US justice officials and bank regulators are hitting stride in settling accounts with the banking industry that brought the country’s financial system to its knees, five years after risky Wall Street securities sent the world spinning into recession. The 13-billion-dollar payment that J.P. Morgan Chase – the largest US bank by assets – reportedly agreed to over the weekend is the largest sum to date.

The settlement could establish a model for investigations of other financial institutions whose shaky mortgage securities were blamed for the near collapse of the US finance system in 2008, according to The New York Times. Wall Street’s golden boy, J.P. Morgan chief Jamie Dimon, harvested laurels for his work in emerging from the recession unscathed – one of the only large banks to have done so.

In late September, though, Dimon showed up at the Department of Justice, hat in hand, to negotiate with Attorney General Eric Holder in a bid to avoid the threat of civil charges over the mortgage securities. Dimon first offered 3 billion dollars, then 7 billion dollars, and finally 11 billion dollars, but Holder was still not satisfied, The Wall Street Journal reported at the time.

Finally, over the last weekend, the two agreed on 13 billion dollars – more than half of J.P. Morgan’s record 21.3-billion-dollar profit in 2012. According to the Journal, the total would include 4 billion dollars for consumer relief; 4 billion dollars for claims that J.P. Morgan had misled the government mortgage lenders Fannie Mae and Freddie Mac; and 5 billion dollars in penalties.

The deal is only tentative. The Justice Department has reportedly refused J.P. Morgan’s demands to drop state criminal investigations, such as those in California, and the bank has refused to admit guilt to criminal charges. The case involves the bank’s practices in issuing and bundling sub-prime housing loans into lucrative mortgage-backed securities. The bonds offered high returns but concealed huge risks when borrowers began defaulting at higher rates in 2007-08.

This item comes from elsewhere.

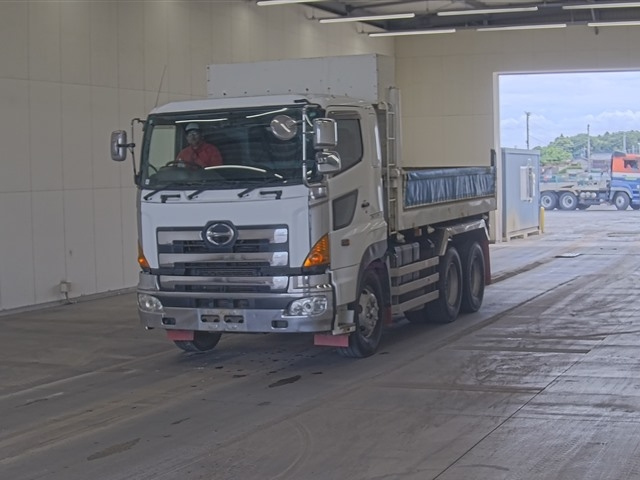 HINO TRUCK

Too many mortgages were issued to people who were unlikely to be able to pay off their loans if home values fell. When the economy slowed and workers began losing jobs, the real estate bubble burst, millions of homes were foreclosed. Among the multitude of civil cases against banks are those from the Federal Housing Finance Agency (FHFA), which is trying to recoup the 187.5 billion dollars of taxpayer money that helped keep it afloat.

The FHFA accuses J.P. Morgan and its affiliates of making false statements in selling 33 billion dollars in mortgage bonds to Fannie Mae and Freddie Mac, according to Bloomberg news agency. To date, the government has already levied billions of dollars in fines and penalties for such misconduct.

In 2011, Goldman Sachs paid a 550-million-dollar fine. The same year, Bank of America paid out 8.5 billion dollars to investors who had sued. J.P. Morgan was highly praised at the time for taking over two floundering firms – Bear Stearns and Washington Mutual – in the midst of the financial upheaval, sparing a government rescue in those two cases. That move, and its market resilience, earned it a “teacher’s pet” position with the Obama administration.

But that relationship cooled after Dimon geared up Wall Street to resist proposed regulatory reforms intended to prevent another such runaway crisis. J.P. Morgan’s star continued to fall as one of the most reckless trading debacles in banking history – the astounding loss of 6.2 billion dollars in 2012 from high-risk derivatives trading in London – was revealed early this year.

In September, US and British authorities said they had fined J.P. Morgan a combined 920 million dollars over the London scandal. Financial regulators accused the bank of a range of potentially fraudulent acts, including using manipulation to increase profits in the energy market. And several other regulators were investigating the bank for inaccuracies in its accounts on credit card customers and whether the bank failed to report suspicious transactions by convicted billion-dollar Ponzi scheme perpetrator Bernard Madoff.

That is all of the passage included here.